─── INFORMATION ───
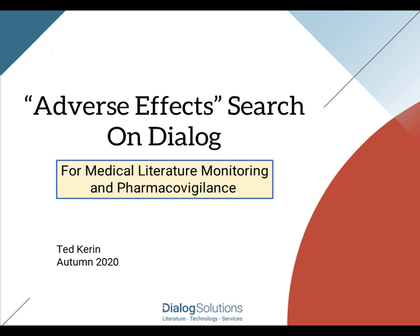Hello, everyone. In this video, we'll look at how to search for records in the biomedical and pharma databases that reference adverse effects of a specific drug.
───
─── INFORMATION ───
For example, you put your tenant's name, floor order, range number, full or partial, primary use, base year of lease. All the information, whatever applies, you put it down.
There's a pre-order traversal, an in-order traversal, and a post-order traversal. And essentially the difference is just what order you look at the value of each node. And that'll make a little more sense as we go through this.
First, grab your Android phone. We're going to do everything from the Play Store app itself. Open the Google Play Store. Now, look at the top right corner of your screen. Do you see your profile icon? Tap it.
───
─── INFORMATION ───
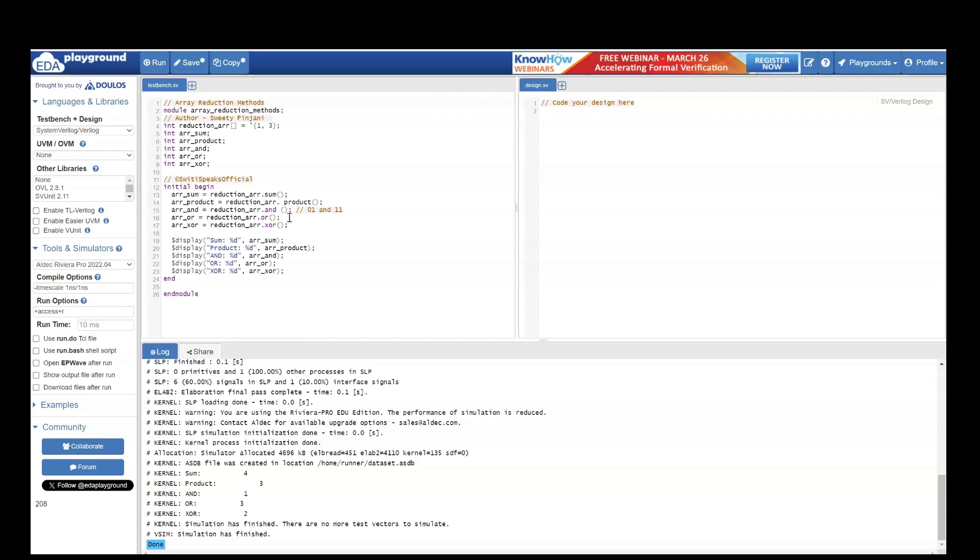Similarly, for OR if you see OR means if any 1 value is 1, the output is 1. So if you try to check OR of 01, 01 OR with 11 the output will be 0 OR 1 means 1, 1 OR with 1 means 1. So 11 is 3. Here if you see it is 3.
───
### BRIEF
All that is wanted is a faithful reproduction of the line above with "There's a pre-order", the line with "First, grab your", and every line in between.

### SOLUTION
There's a pre-order traversal, an in-order traversal, and a post-order traversal. And essentially the difference is just what order you look at the value of each node. And that'll make a little more sense as we go through this.
First, grab your Android phone. We're going to do everything from the Play Store app itself. Open the Google Play Store. Now, look at the top right corner of your screen. Do you see your profile icon? Tap it.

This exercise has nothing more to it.